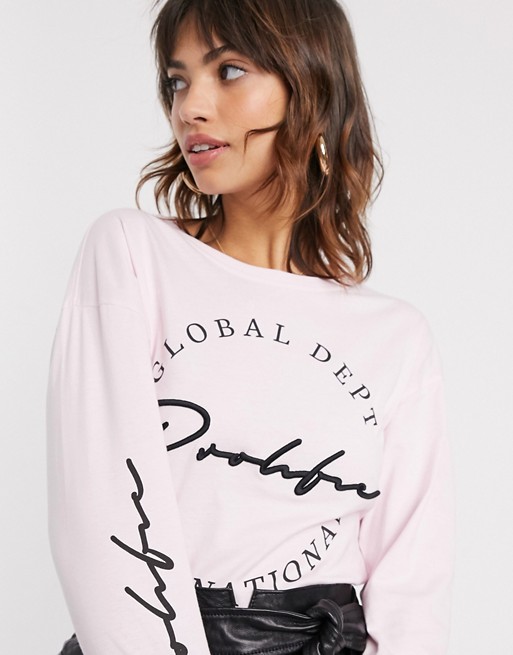 River Island prolific slogan long sleeve t-shirt in pink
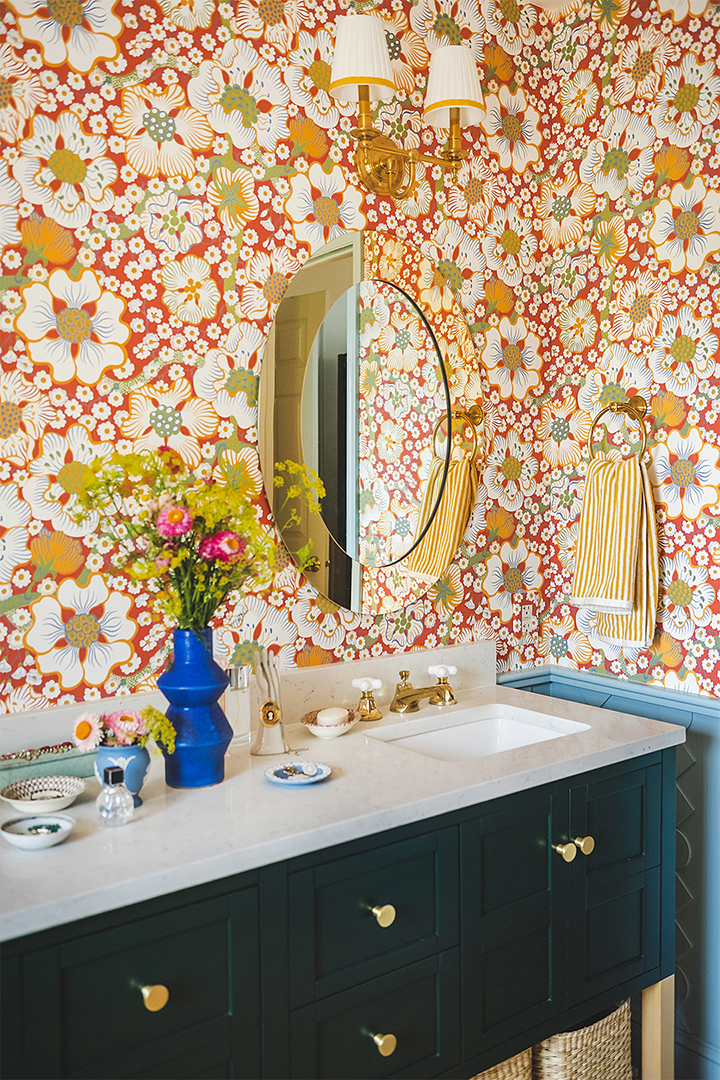 green bathroom vanity with gold mirror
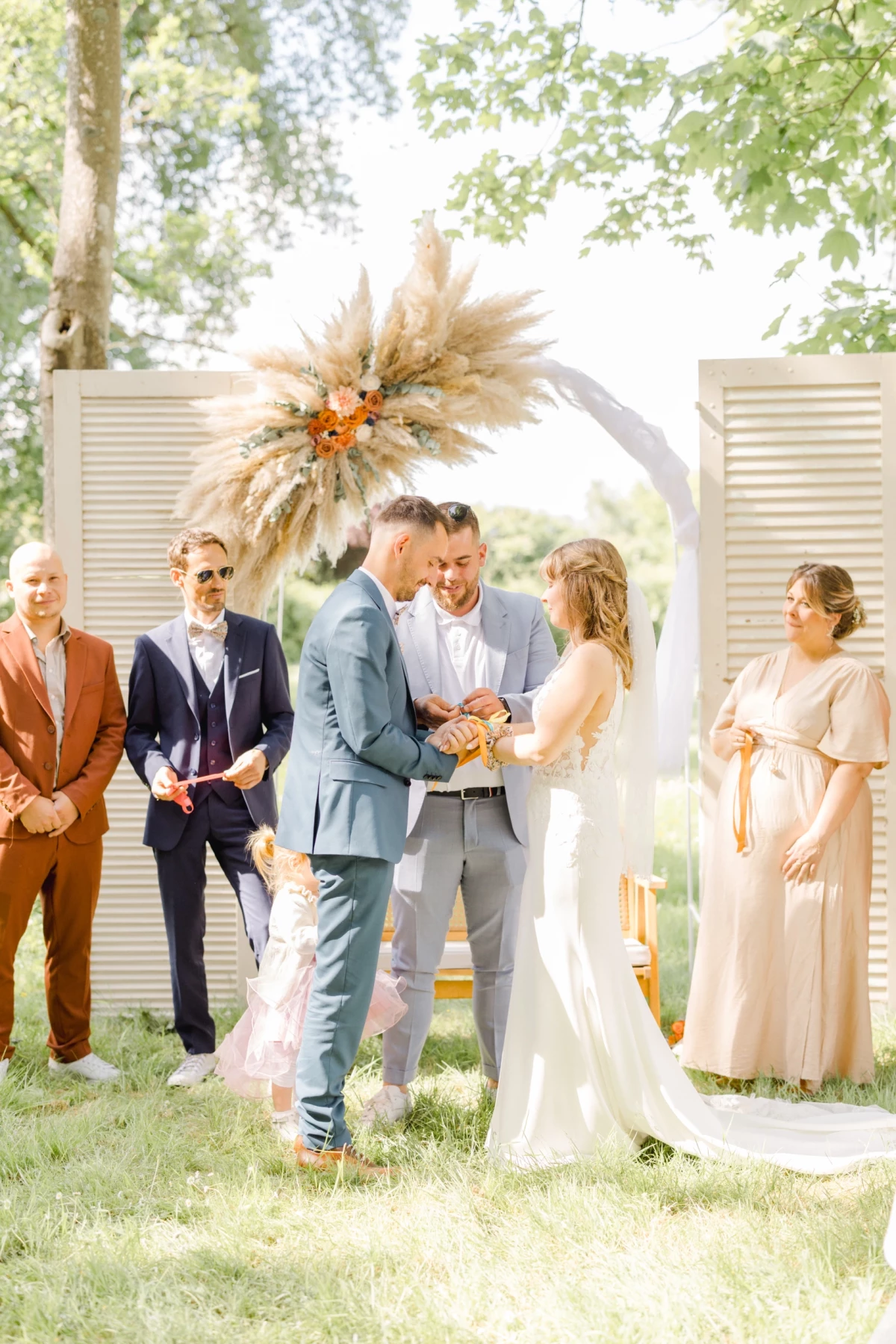 Couple de mariés s'échangeant leurs vœux sous une arche fleurie de pampas lors d'une cérémonie laïque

+-------+

Required work: Recopy the full listing exactly, passing over any picture.

Answer box:
 River Island prolific slogan long sleeve t-shirt in pink
 green bathroom vanity with gold mirror
 Couple de mariés s'échangeant leurs vœux sous une arche fleurie de pampas lors d'une cérémonie laïque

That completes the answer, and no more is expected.